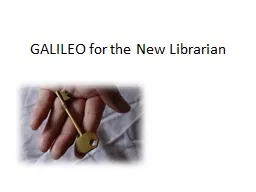 GALILEO for the New Librarian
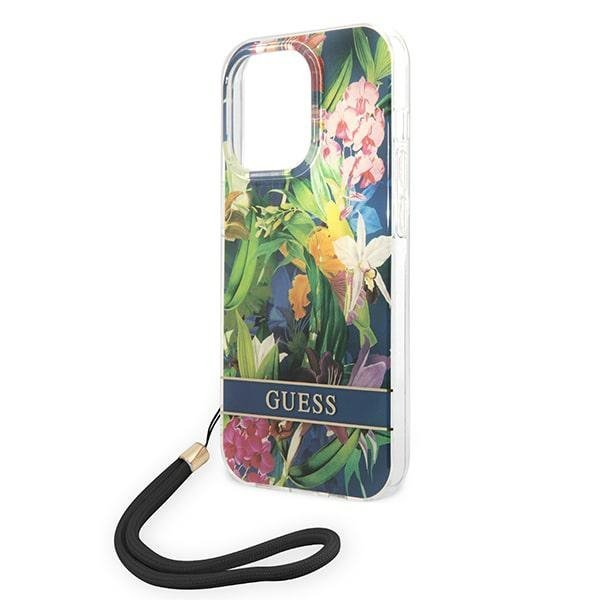 Guess GUOHCP14XHFLSB iPhone 14 Pro Max6,7&quot; niebieski/blue hardcase Flower Strap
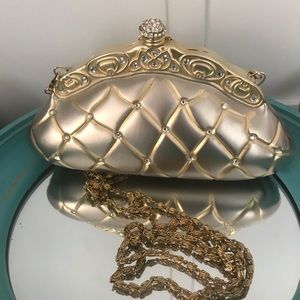 Rivoli gold & rhinestone purse Vintage Art Deco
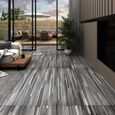 vidaXL Planches de plancher PVC autoadhésif 2,51 m² 2 mm Gris rayé  342881-0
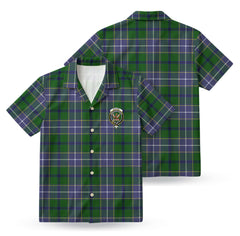 Wishart Hunting Tartan Crest Hawaiian Shirt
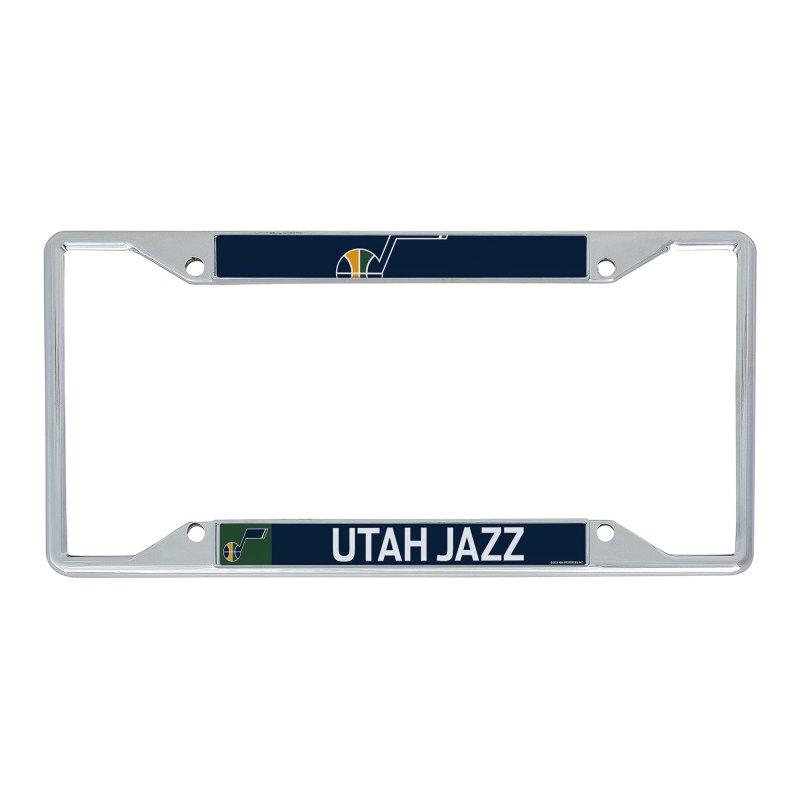 Utah Jazz Team Nba Metal License Plate Frame For Front Or Back Of Car Officially Licensed Up Close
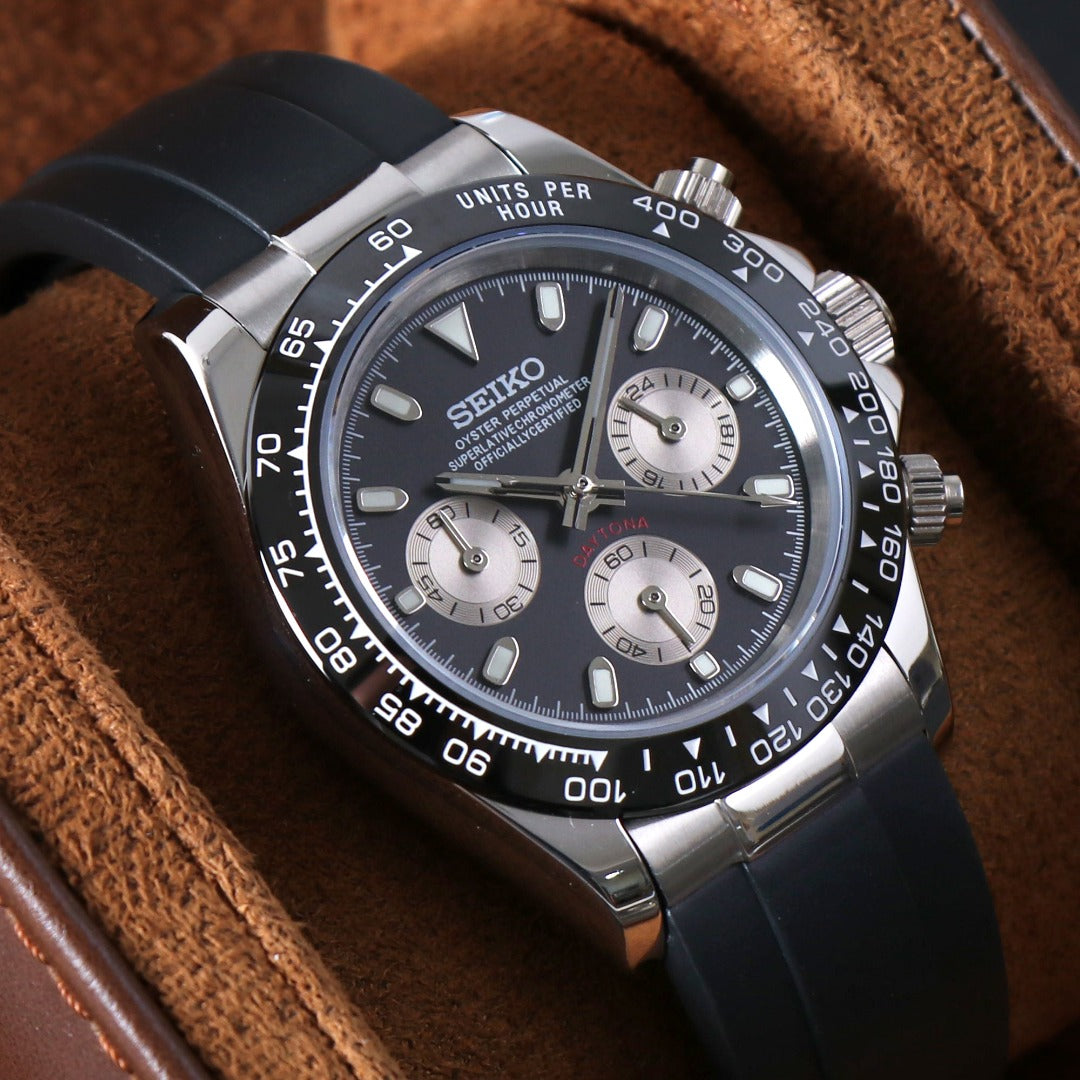 Seiko Daytona MOD Black Dial Black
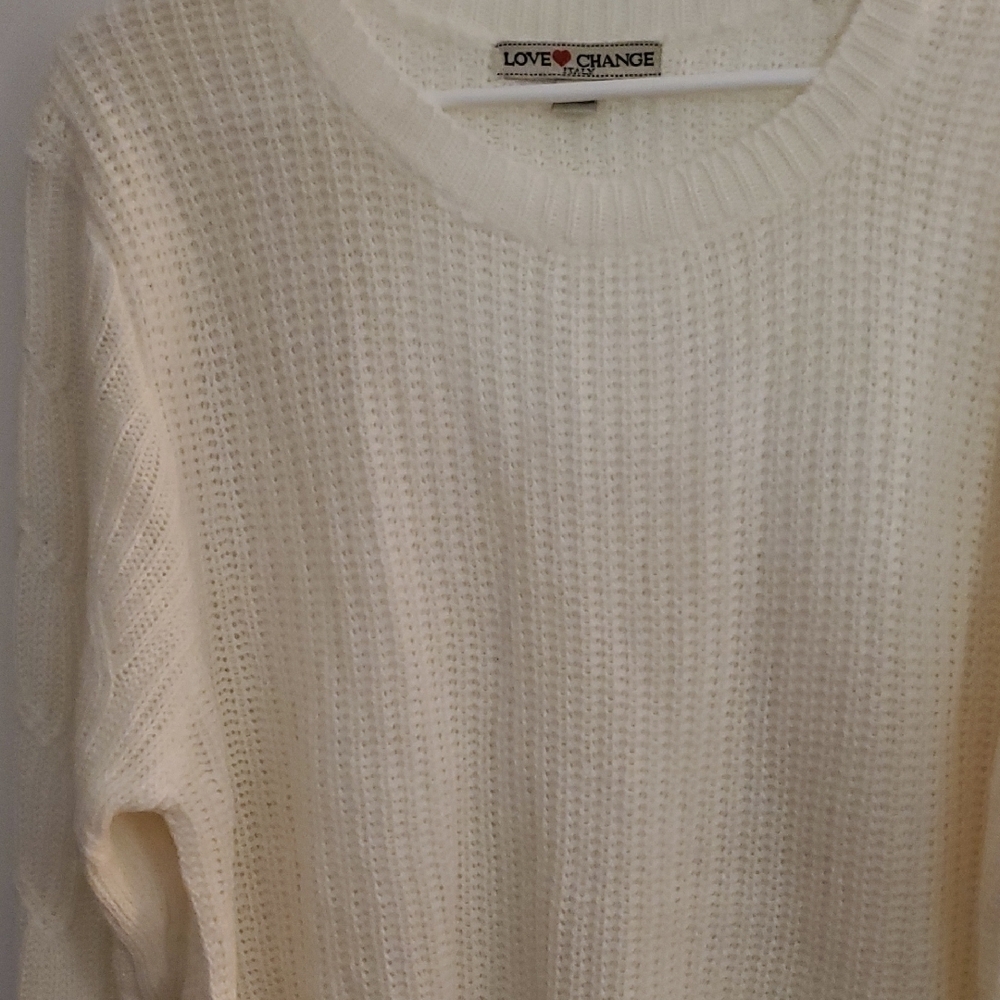 Calvin Klein Women's Ivory Crew Neck Sweater - Picture 8 of 11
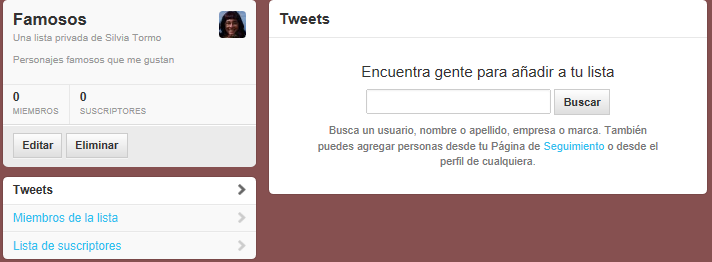 Crear listas en twitter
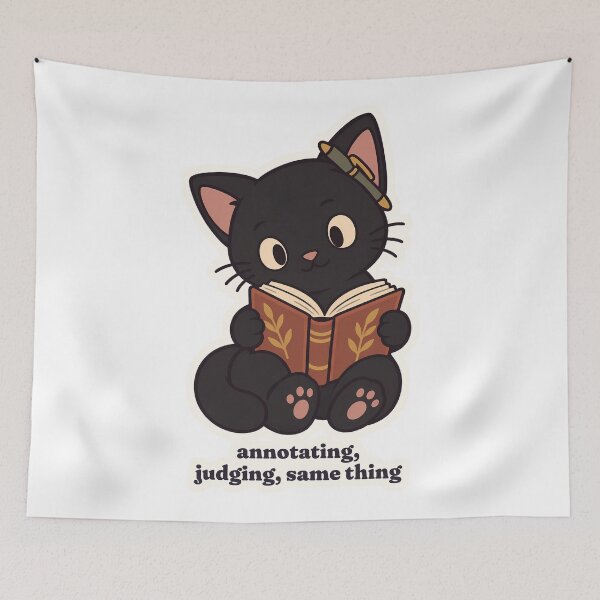 Item preview, Judgy Black Cat Annotating Books Dark Academia designed and sold by OuqCreations.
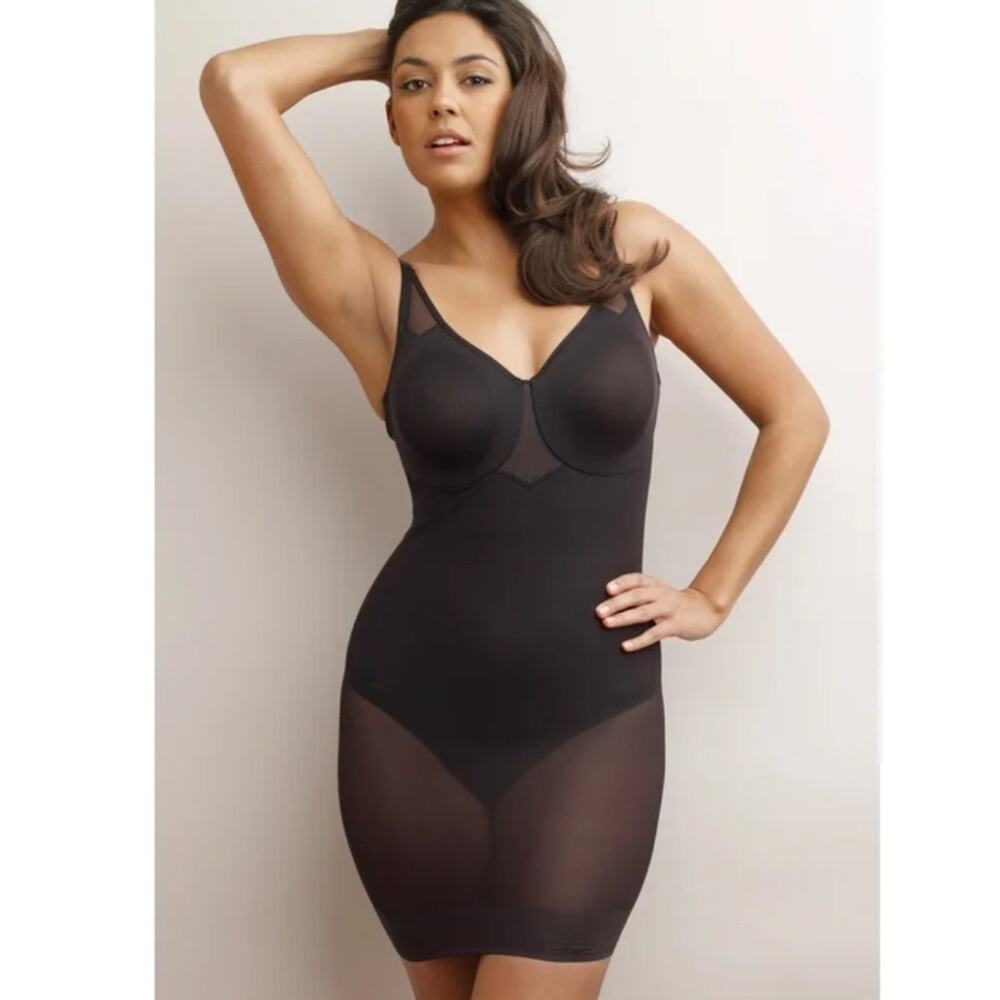 Miraclesuit Sheer Shaping Bra Slip Shapewear 2780 Black Size 34C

• PROBLEM DESCRIPTION:
Please write out the lines above exactly, from the one that contains "Guess GUOHCP14XHFLSB iPhone" through the final line, and include none of the pictures.

• EXERCISE ANSWER:
 Guess GUOHCP14XHFLSB iPhone 14 Pro Max6,7&quot; niebieski/blue hardcase Flower Strap
 Rivoli gold & rhinestone purse Vintage Art Deco
 vidaXL Planches de plancher PVC autoadhésif 2,51 m² 2 mm Gris rayé  342881-0
 Wishart Hunting Tartan Crest Hawaiian Shirt
 Utah Jazz Team Nba Metal License Plate Frame For Front Or Back Of Car Officially Licensed Up Close
 Seiko Daytona MOD Black Dial Black
 Calvin Klein Women's Ivory Crew Neck Sweater - Picture 8 of 11
 Crear listas en twitter
 Item preview, Judgy Black Cat Annotating Books Dark Academia designed and sold by OuqCreations.
 Miraclesuit Sheer Shaping Bra Slip Shapewear 2780 Black Size 34C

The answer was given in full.